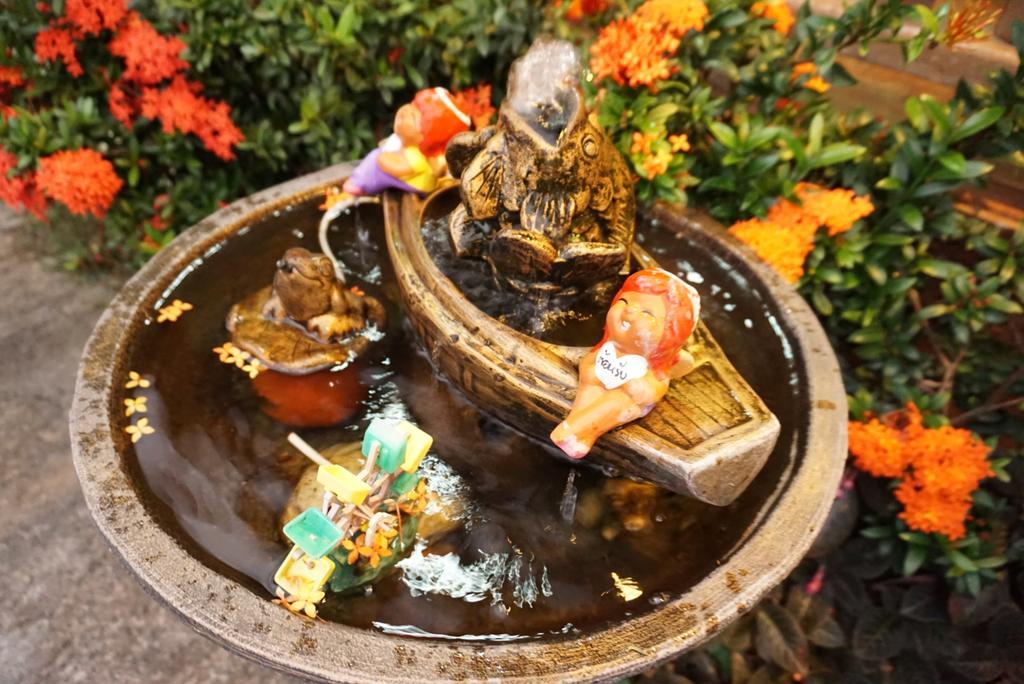 Huen Kham Kong Guesthouse Mae Sariang Zewnętrze zdjęcie
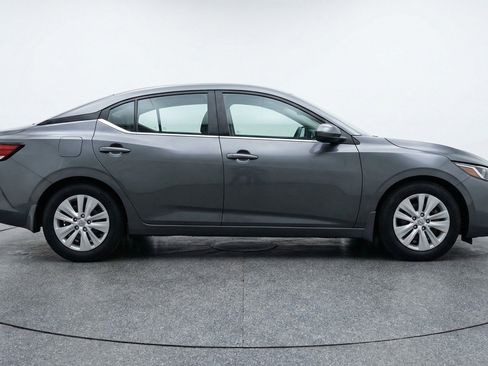 Used 2025 Nissan Sentra S image 11
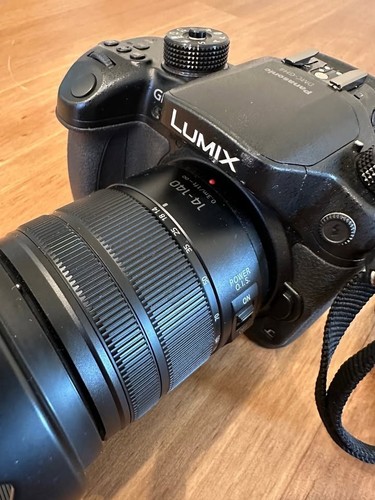 Panasonic Lumix GH4 Mirrorless Camera & 14-140mm F3.5-5.6 Lens - Picture 2 of 6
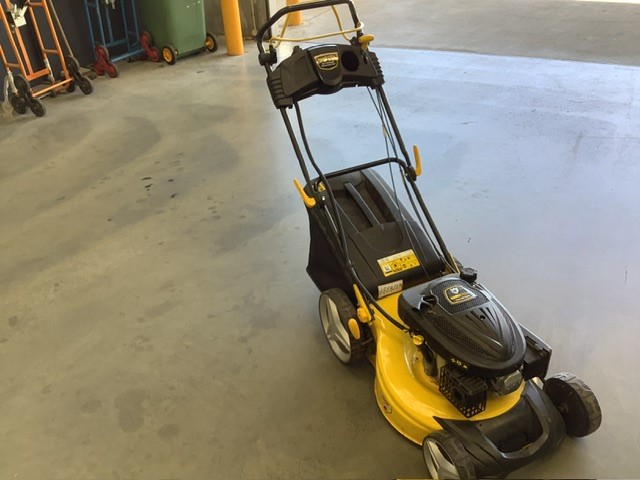 Yard King Lawnmower With Catcher Auction 0003 9045805 Grays Australia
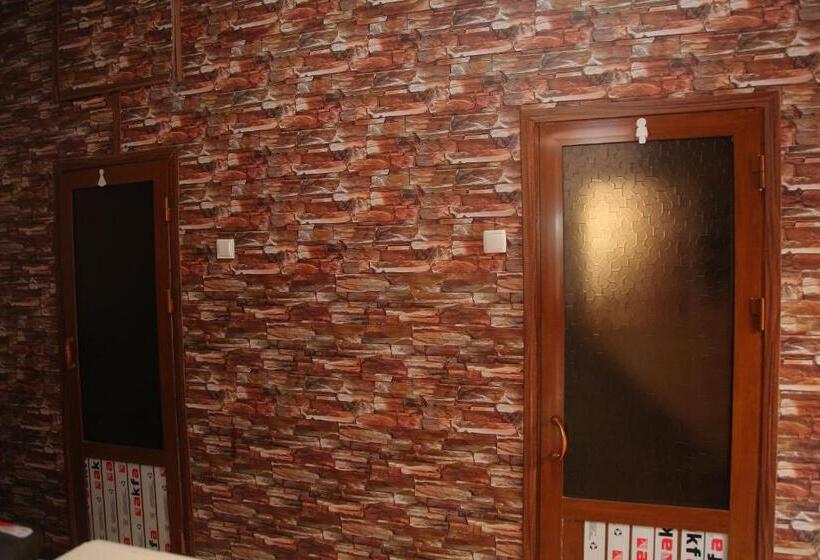 اتاق کلاسیک سه تخته, Hostel Gulsara
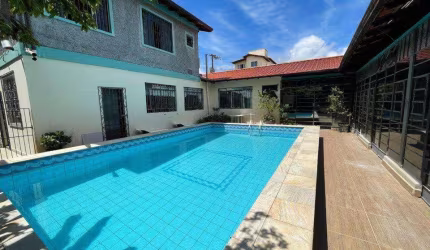 Casa para Venda em Florianópolis, Canasvieiras, 6 dormitórios, 2 suítes, 4 banheiros, 5 vagas
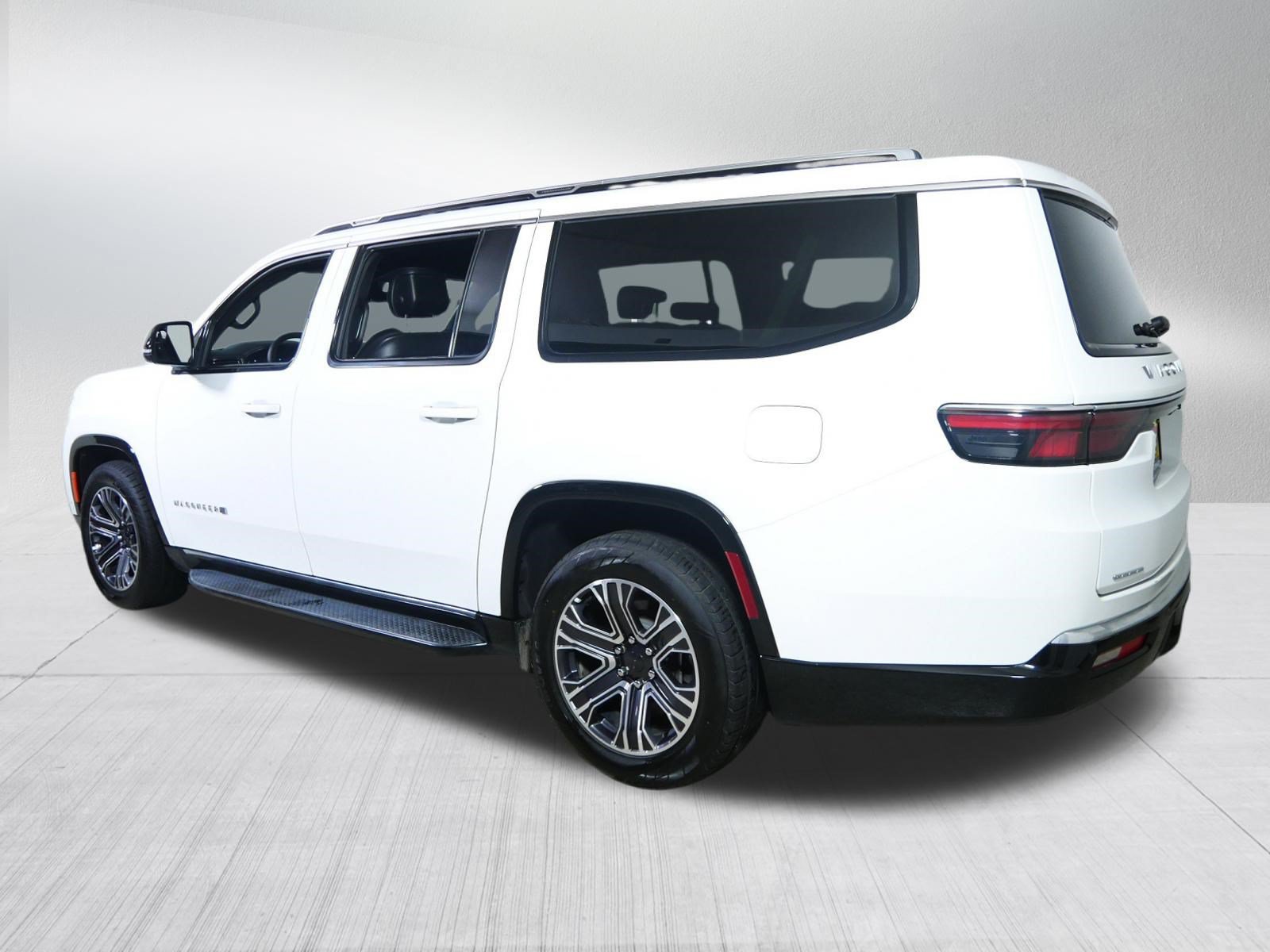 Used 2023 Jeep Wagoneer L Series II AWD/4WD image 5
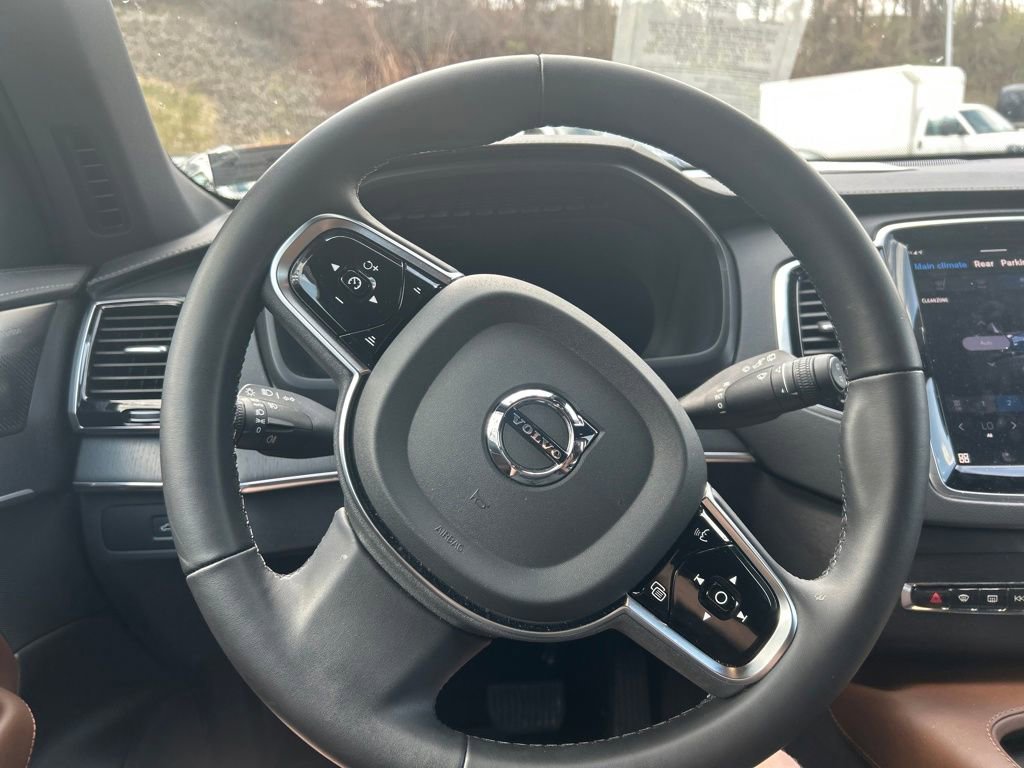 Used 2024 Volvo XC90 B6 Ultimate w/ Protection Package Premier image 12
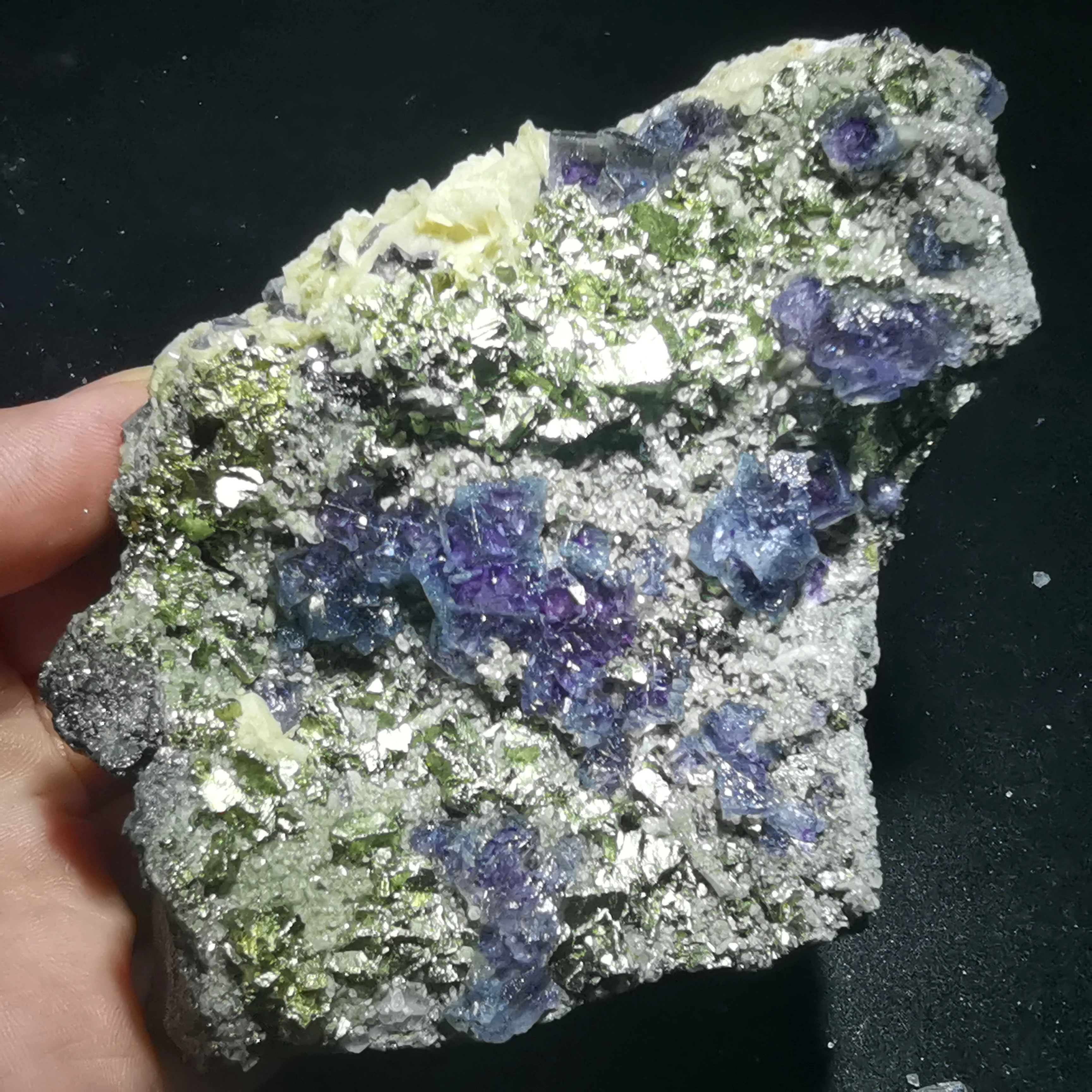 342.gHome decoration teaching of natural rare chalcopyrite, purple fluorite, phosphorite and associated cluster minerals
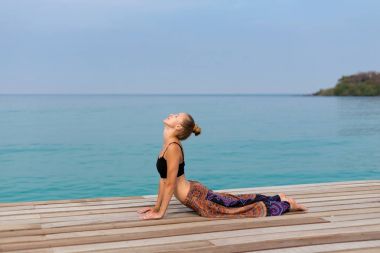 Yaz yoga seansı Tayland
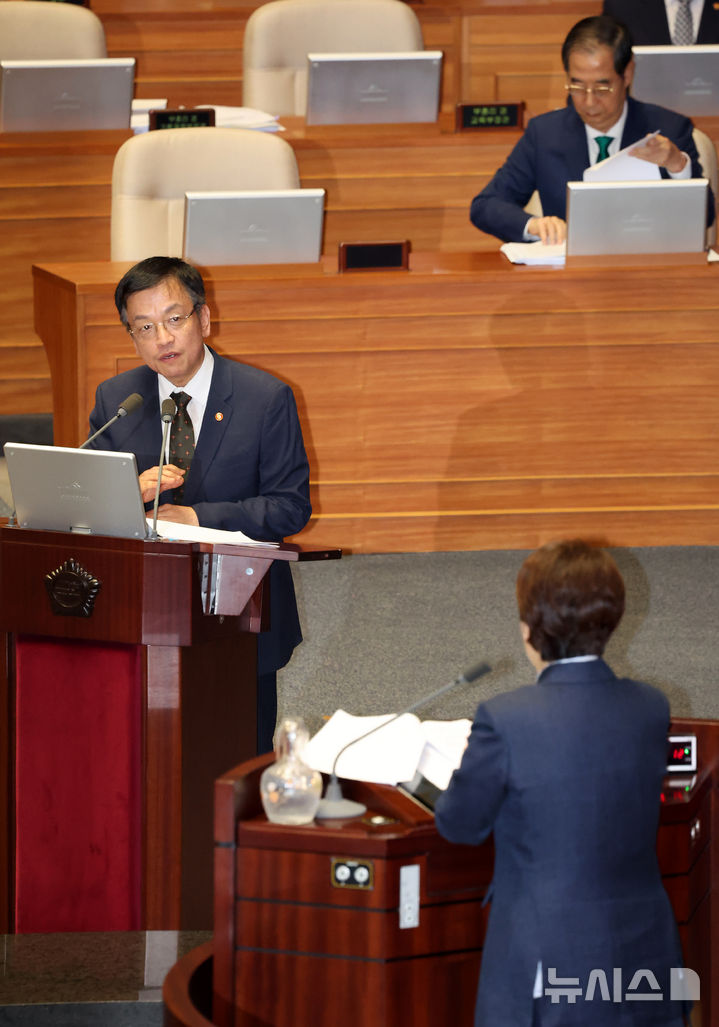 [서울=뉴시스] 조성우 기자 = 최상목 경제부총리 겸 기획재정부 장관이 11일 오후 서울 여의도 국회에서 열린 제418회국회(정기회) 제6차 본회의 대정부질문(경제)에서 이언주 더불어민주당 의원 질의에 답변하고 있다. 2024.09.11. xconfind@newsis.com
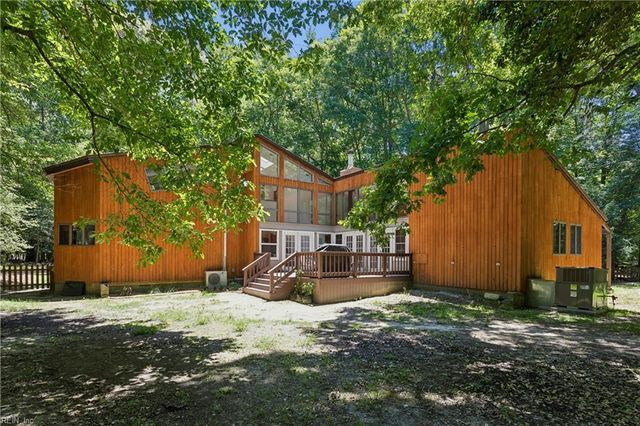 12465 Titus Cove LNDG, Carrollton, VA 23314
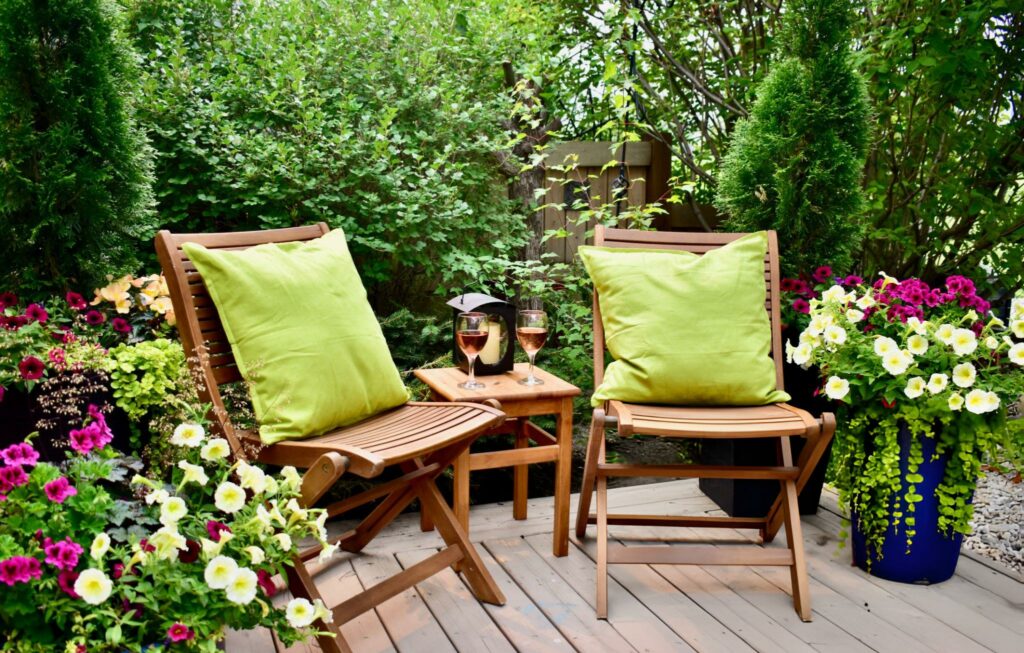 Best Patio Furniture for Long-Lasting Comfort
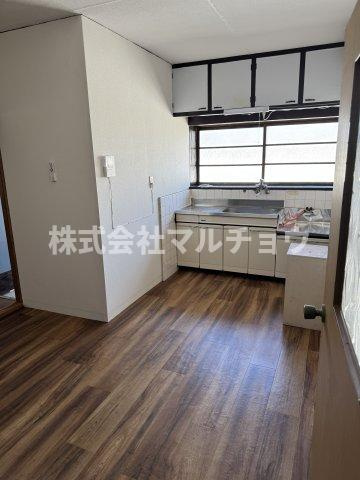 芳養松原戸建ての居間・リビング|おしゃれなリビングです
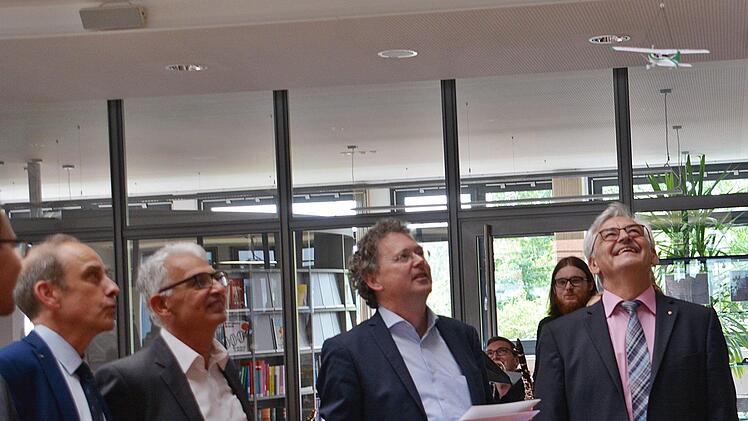 Das Geschenk kam aus der Luft und beinhaltete einen Rundflug über Bad Neustadt. Unser Bild zeigt von links: Prof. Dr. Jürgen Hartmann (Vizepräsident der FH Würzburg-Schweinfurt), Prof. Dr.-Ing. Bernhard Arndt (FH Würzburg-Schweinfurt) und Prof. Dr.-Ing. Ansgar Ackva (Institutsleiter TTZ-EMO). Hanns Friedrich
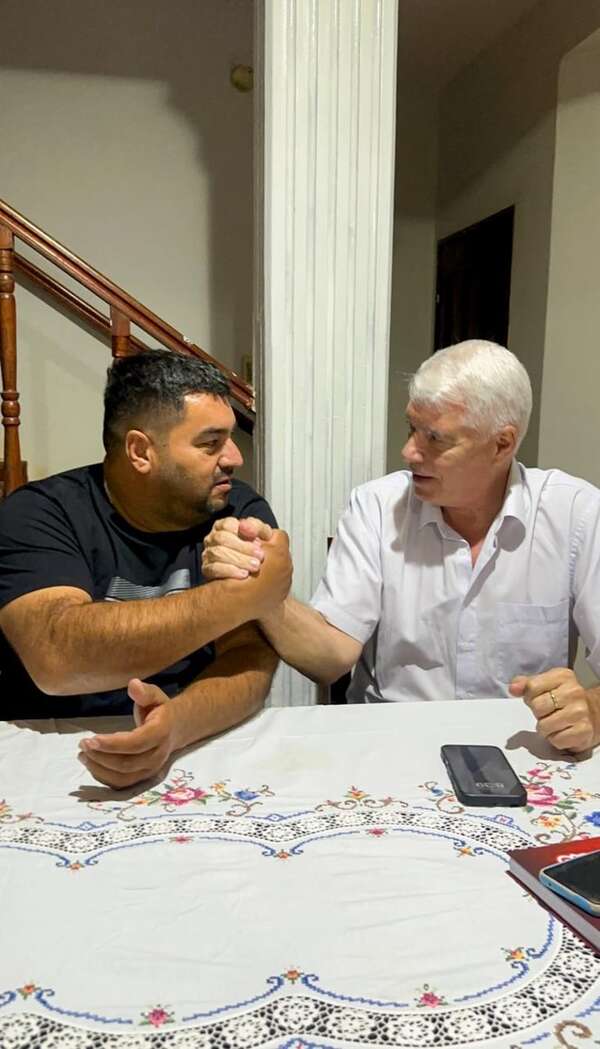 Añeteté sigue sumando candidaturas en Itapúa - Política - ABC Color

- **WORK ITEM**
Only the lines from the one containing "Best Patio Furniture" through the final line of the data should be given again, exactly and without pictures.

- **ANSWER BOX**
 Best Patio Furniture for Long-Lasting Comfort
 芳養松原戸建ての居間・リビング|おしゃれなリビングです
 Das Geschenk kam aus der Luft und beinhaltete einen Rundflug über Bad Neustadt. Unser Bild zeigt von links: Prof. Dr. Jürgen Hartmann (Vizepräsident der FH Würzburg-Schweinfurt), Prof. Dr.-Ing. Bernhard Arndt (FH Würzburg-Schweinfurt) und Prof. Dr.-Ing. Ansgar Ackva (Institutsleiter TTZ-EMO). Hanns Friedrich
 Añeteté sigue sumando candidaturas en Itapúa - Política - ABC Color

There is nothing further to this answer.